On the other hand, due to the pathogenic importance, H. influenzae has widely considered in epidemiologic studies on genetic similarities [19]. Given the dendrogram of the studies strains (Fig. 2), it is observed that a number of strains categorized in one clone (e.g. clone A and B). As the studied population was children under 6 years old from different centers, it is concluded that these strains circulated among children. The strains of clone A, isolated from five different children, are identical in terms of resistance to antibiotics except chloramphenicol. As the same the strains of clone B have identical resistance, except for chloramphenicol which is different in one strain. Regardless of intermediate resistance, the strains of clones D, E, F, G, and H have the same resistance pattern. The strains of clones I and J are partially different in their resistance. Detailed data was specified in Fig. 2 and Additional files 3, 4.

The resistance pattern of one strain in clone B is identical to other strains of that clone except chloramphenicol. In terms of clone C, the strain (strain No. 89) that closely related to other strains, is different from them in resistance pattern. This may be because of the difference in the genetic algorithm. In the strains forming clone A and B, susceptibility to ceftriaxone, levofloxacin, ciprofloxacin and cefotaxime was observed. This showed that these antibiotics have a good therapeutic effect on these strains.

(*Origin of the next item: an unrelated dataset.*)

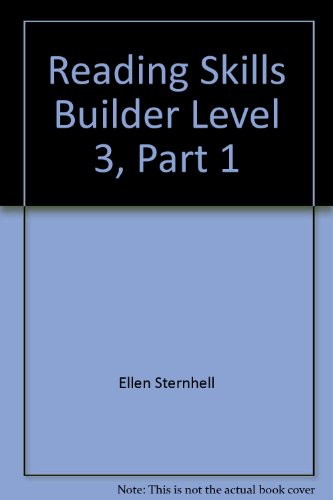 Stock image for Reading Skills Builder Level 3, Part 1 for sale by Modetz Errands-n-More, L.L.C.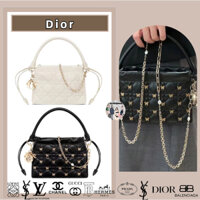 Dior/LADY DIOR MILLY/mini/dây đeo vai có thể tháo rời/túi xách/túi đeo chéo vai/kiểu mới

As the studied strains showed a less percentage of resistance to these antibiotics, these drugs can be a good choice for Haemophilus-related infections. Considering chloramphenicol and ampicillin resistant samples, the strains resistant to ampicillin are more identical in terms of genetic similarities and showed more clones comparing with strains resistant to chloramphenicol. This may mean that strains resistant to ampicillin are more resistant to common treatment than strains resistant to chloramphenicol (Fig. 2).

Limitations

In fact, the patterns of antibiotic resistance did not show a significant correlation with the clonality of the strains. At the current study typing of encapsulated H. influenza was not accomplished. It seems that more research is needed to determination of H. influenza type strains and find the relationship between clonality and resistance of bacteria to antibiotics.